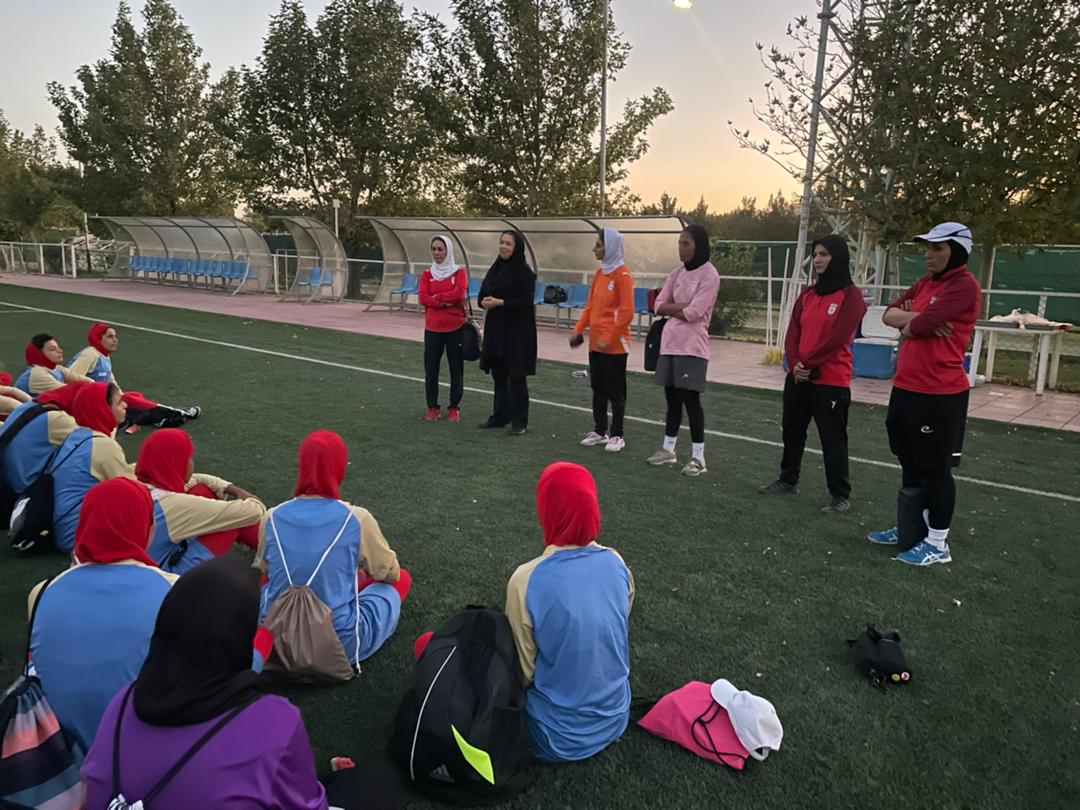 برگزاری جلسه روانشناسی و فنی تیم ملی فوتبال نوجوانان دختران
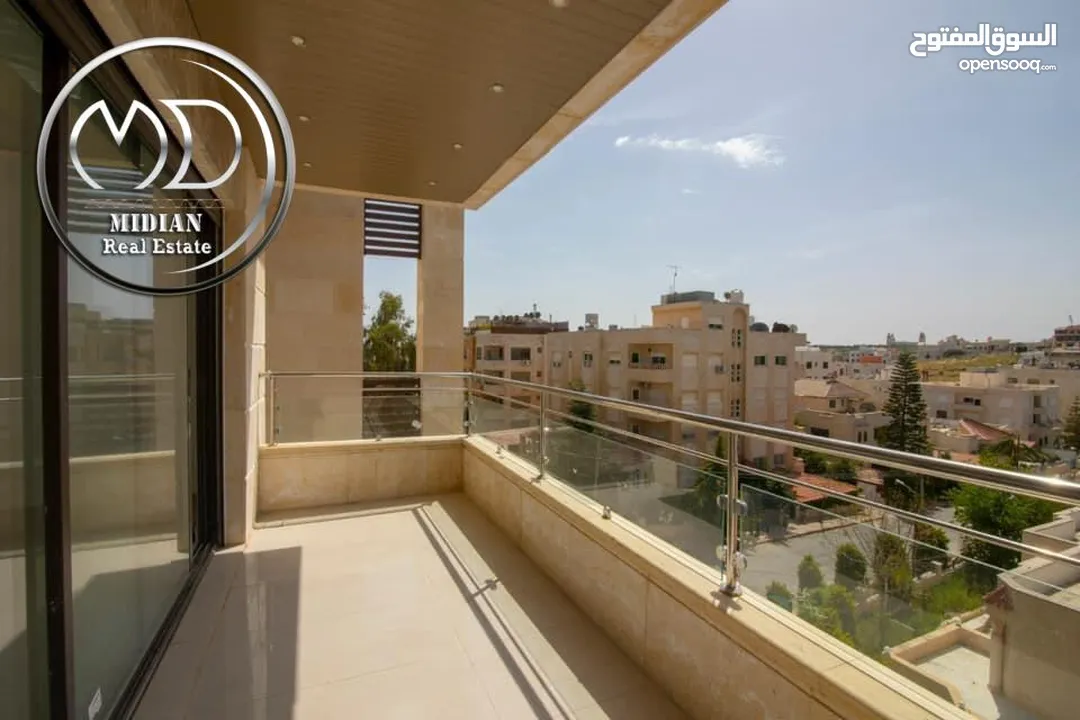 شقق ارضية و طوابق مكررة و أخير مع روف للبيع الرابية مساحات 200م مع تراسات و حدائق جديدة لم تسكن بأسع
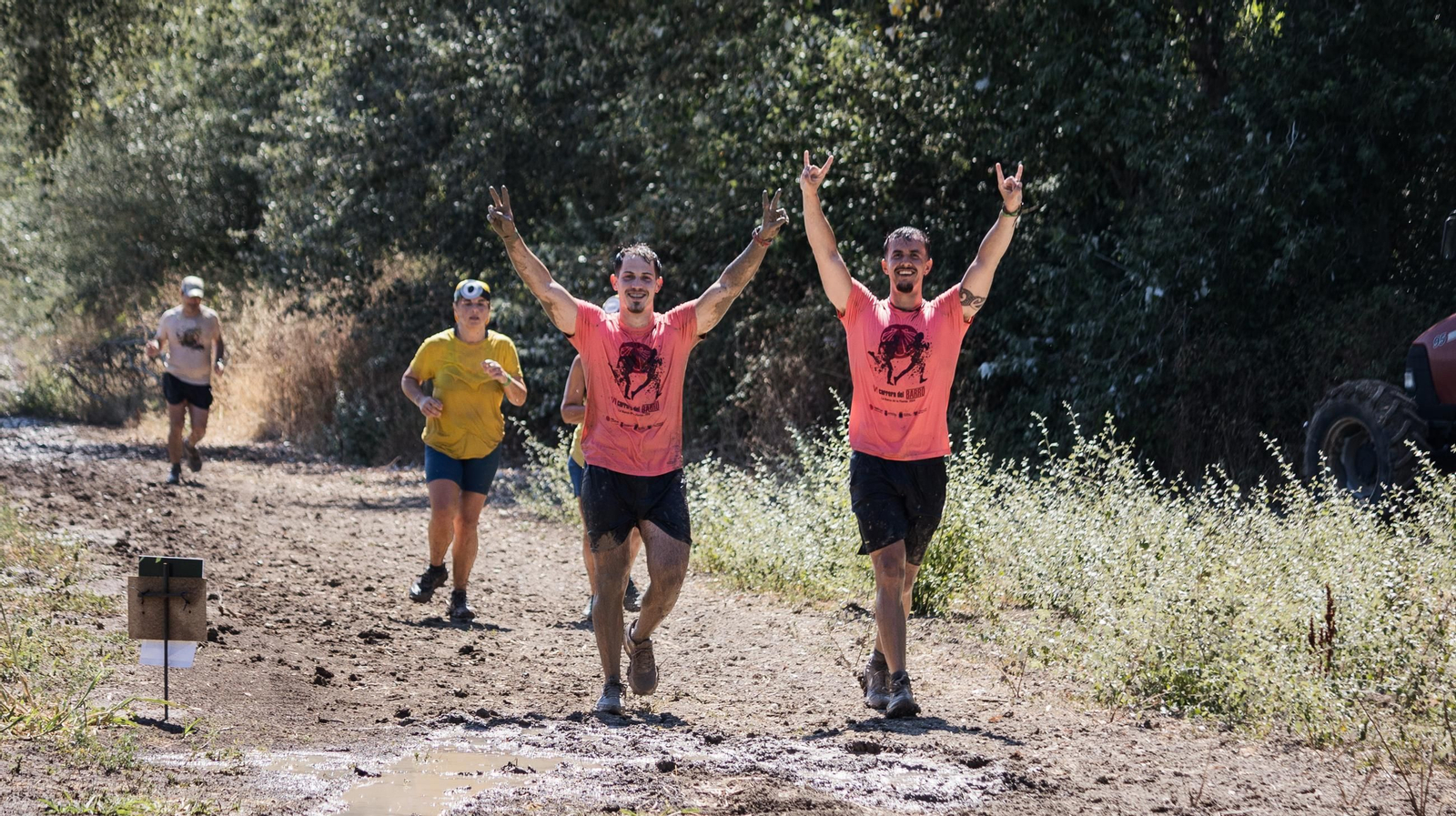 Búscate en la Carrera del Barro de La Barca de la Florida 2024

▸ TASK DESCRIPTION
What you give back should be the full material above, retyped exactly, with every image removed.

▸ PROBLEM SOLUTION
 برگزاری جلسه روانشناسی و فنی تیم ملی فوتبال نوجوانان دختران
 شقق ارضية و طوابق مكررة و أخير مع روف للبيع الرابية مساحات 200م مع تراسات و حدائق جديدة لم تسكن بأسع
 Búscate en la Carrera del Barro de La Barca de la Florida 2024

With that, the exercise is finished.